Jose Maria Mayrink, jornalista mineiro, conhecedor da linguagem da Igreja, tentou não cair na vala comum e fez uma pesquisa para o jornal Estado de São Paulo sobre o termo tão explorado e mostrou que em italiano, francês, espanhol e até mesmo em línguas sem origem no latim como polonês, alemão e inglês, as palavras “praga” e “chaga”, diferentemente do português, são sinônimas. Isso pode levar a crer que pode não ter feito parte da intenção do Papa de empregar o termo no sentido que nós entendemos. Apesar de muita gente da própria Igreja ter confirmado ao Mayrink que Bento XVI quis dizer mesmo foi o que o brasileiro normalmente entende, prefiro achar mais coerente com o conjunto do documento do Papa a constatação de que a multiplicação de rupturas do compromisso matrimonial é, em nossas sociedades, uma ferida que faz sofrer mulheres e homens. E admito até mesmo que se há um parentesco da palavra com o uso no Brasil, pode ser naquela conotação de que uma praga é exatamente o que nasce em toda parte sem ser plantado. Uma proliferação indesejada. Dessa maneira, não há fundamento suficiente para dar base à comentários como o do costumeiramente inspirado Rubem Alves, na Folha de São Paulo, que escreveu, com máxima ironia, que os casamentos, o primeiro, o segundo, o terceiro, pertencem à ordem maldita, caída, praguejada, pós-paraíso e que nessa ordem não se pode confiar no amor. E sugere que talvez seja por isso que os padres não se casam. Tanto verbo! Apesar da licença poética, há muito de resposta conformada à onda da leitura superficial feita pelos jornais.
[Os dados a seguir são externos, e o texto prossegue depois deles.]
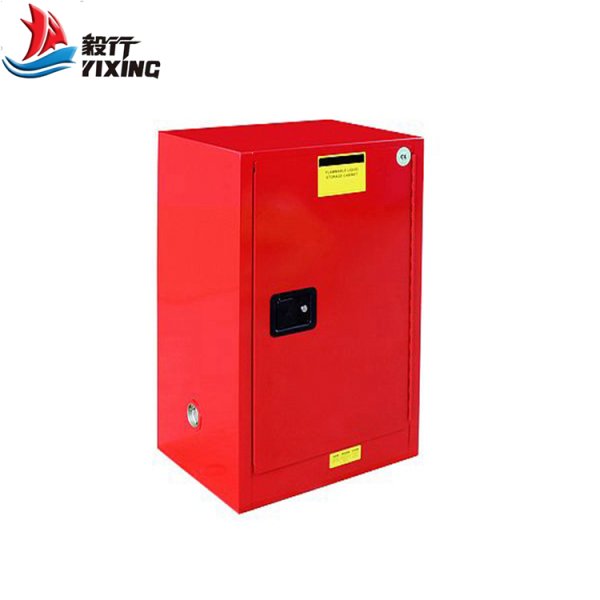 4加侖可燃液體安全柜BC004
O lastro de intolerância produzido pelo modo apressado dos jornalistas acolherem a palavra da Igreja ultrapassa a história da praga. Falou-se que o Papa renega o Vaticano II. Ele faz explícita reverência ao Concílio ao lembrar que os participantes do Sínodo de 2005 refletiram com a consciência dos grandes avanços de sua Reforma Litúrgica. Falou-se que o Papa quer agora que as missas sejam celebradas em latim. Quem levou a sério, despojou-se dos preconceitos e leu a Exortação com serenidade nota que só há um apreço dele pela execução de algumas partes das celebrações em língua latina para significar uma comunhão eclesial em sintonia com a Tradição. Nada além disso. Liturgia é o espaço de grande presença simbólica. Palavras e gestos têm dimensões transcendentais. E nem é exclusividade do Papa o gosto por cerimônias desse tipo. Carlos Heitor Cony, escritor conhecido e respeitado, ex-seminarista e ateu assumido nos últimos tempos diz que ama participar das celebrações em latim com cantos gregorianos pela aura que se cria, produzida exatamente pela força de uma língua morta. Falou-se, por fim, que o Papa elogiou o celibato sacerdotal. Realmente, ele elogiou. Não deu grande espaço para isso. Foi coisa de poucas frases. Colegas: não queiramos que o Papa não seja católico, tenham a paciência!